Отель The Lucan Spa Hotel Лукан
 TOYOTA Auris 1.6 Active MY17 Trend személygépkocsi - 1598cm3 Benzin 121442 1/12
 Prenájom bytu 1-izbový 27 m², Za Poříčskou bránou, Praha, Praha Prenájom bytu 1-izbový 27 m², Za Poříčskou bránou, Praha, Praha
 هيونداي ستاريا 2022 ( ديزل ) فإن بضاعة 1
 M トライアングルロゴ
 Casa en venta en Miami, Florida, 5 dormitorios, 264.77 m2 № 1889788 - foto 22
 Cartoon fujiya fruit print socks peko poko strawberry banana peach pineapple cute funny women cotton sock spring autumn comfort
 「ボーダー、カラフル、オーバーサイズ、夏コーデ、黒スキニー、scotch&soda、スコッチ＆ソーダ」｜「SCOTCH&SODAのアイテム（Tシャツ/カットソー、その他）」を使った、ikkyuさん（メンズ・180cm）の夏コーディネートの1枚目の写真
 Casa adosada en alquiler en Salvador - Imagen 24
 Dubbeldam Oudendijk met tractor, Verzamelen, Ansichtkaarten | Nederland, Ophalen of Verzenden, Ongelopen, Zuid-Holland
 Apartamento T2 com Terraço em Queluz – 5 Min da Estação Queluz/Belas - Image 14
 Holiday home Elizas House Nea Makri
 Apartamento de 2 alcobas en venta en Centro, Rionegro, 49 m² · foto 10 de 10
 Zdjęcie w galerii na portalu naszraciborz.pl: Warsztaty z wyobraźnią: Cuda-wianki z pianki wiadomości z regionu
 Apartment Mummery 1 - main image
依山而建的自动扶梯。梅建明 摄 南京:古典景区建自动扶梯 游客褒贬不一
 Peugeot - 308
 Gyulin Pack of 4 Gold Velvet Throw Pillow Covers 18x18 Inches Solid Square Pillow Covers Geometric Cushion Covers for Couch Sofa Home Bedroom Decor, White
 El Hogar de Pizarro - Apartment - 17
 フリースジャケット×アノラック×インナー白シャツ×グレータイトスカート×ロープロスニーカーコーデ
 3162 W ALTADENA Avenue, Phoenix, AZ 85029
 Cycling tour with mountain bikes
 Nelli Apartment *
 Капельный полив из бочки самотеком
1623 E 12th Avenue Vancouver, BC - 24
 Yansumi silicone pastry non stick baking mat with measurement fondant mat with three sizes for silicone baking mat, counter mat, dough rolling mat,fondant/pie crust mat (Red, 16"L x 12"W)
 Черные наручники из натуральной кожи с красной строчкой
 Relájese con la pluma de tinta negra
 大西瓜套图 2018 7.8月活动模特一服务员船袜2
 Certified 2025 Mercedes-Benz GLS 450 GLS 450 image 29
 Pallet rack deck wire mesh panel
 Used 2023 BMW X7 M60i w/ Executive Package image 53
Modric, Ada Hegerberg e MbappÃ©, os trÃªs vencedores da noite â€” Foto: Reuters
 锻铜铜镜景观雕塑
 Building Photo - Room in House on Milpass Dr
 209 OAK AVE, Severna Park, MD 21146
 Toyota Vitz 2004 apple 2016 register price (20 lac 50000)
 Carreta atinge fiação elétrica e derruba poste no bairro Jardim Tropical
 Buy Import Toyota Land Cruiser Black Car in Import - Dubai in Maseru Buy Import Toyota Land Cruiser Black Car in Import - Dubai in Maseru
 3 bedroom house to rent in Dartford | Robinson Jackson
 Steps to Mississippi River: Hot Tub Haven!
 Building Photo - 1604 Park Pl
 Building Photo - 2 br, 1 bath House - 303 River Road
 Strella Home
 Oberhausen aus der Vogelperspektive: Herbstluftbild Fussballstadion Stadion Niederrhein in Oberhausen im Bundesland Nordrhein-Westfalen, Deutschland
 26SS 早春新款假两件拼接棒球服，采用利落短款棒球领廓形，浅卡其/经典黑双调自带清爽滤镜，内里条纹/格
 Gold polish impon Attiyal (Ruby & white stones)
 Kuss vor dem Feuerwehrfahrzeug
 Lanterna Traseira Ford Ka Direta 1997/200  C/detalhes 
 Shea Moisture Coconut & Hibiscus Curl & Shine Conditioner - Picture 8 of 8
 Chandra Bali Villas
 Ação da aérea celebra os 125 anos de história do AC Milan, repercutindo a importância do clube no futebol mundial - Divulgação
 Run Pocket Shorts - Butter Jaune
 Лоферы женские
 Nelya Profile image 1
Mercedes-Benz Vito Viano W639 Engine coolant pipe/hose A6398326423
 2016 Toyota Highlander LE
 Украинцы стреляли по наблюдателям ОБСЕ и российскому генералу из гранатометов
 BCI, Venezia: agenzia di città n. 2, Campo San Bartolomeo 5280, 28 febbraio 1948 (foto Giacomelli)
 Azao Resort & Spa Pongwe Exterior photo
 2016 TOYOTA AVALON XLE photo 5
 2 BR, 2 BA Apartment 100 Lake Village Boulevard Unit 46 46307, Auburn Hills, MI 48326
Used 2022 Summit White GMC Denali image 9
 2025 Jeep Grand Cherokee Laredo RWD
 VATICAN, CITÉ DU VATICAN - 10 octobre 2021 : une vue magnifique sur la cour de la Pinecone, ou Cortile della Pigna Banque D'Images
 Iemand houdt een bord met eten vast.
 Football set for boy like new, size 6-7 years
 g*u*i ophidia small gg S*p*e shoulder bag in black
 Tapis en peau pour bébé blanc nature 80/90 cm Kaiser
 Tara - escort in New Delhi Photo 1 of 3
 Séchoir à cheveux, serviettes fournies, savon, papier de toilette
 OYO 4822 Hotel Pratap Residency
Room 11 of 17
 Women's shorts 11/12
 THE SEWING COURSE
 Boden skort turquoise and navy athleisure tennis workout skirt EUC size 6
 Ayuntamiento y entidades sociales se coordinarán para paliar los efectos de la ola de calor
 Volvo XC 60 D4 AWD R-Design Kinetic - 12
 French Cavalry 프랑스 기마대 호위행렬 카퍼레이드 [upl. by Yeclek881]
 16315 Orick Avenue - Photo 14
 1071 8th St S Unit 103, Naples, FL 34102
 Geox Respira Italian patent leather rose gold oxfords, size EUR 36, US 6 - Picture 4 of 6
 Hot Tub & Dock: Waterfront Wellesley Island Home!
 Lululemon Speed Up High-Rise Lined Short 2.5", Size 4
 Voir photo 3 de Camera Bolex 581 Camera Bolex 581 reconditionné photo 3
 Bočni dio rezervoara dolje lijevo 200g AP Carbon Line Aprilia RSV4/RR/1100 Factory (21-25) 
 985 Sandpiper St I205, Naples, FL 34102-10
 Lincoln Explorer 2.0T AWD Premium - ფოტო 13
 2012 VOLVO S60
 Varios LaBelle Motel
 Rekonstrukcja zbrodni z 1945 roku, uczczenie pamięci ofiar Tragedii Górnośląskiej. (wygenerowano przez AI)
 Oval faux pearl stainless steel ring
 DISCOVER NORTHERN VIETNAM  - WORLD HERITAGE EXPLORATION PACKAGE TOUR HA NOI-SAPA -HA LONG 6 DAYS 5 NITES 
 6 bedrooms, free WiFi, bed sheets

* **YOUR INSTRUCTIONS**
Word for word, restate the lines of the listing above starting at the line with "大西瓜套图 2018 7.8月活动模特一服务员船袜2" and ending at the line with "Toyota Vitz 2004", and nothing outside them.

* **REPLY TO THE TASK**
 大西瓜套图 2018 7.8月活动模特一服务员船袜2
 Certified 2025 Mercedes-Benz GLS 450 GLS 450 image 29
 Pallet rack deck wire mesh panel
 Used 2023 BMW X7 M60i w/ Executive Package image 53
Modric, Ada Hegerberg e MbappÃ©, os trÃªs vencedores da noite â€” Foto: Reuters
 锻铜铜镜景观雕塑
 Building Photo - Room in House on Milpass Dr
 209 OAK AVE, Severna Park, MD 21146
 Toyota Vitz 2004 apple 2016 register price (20 lac 50000)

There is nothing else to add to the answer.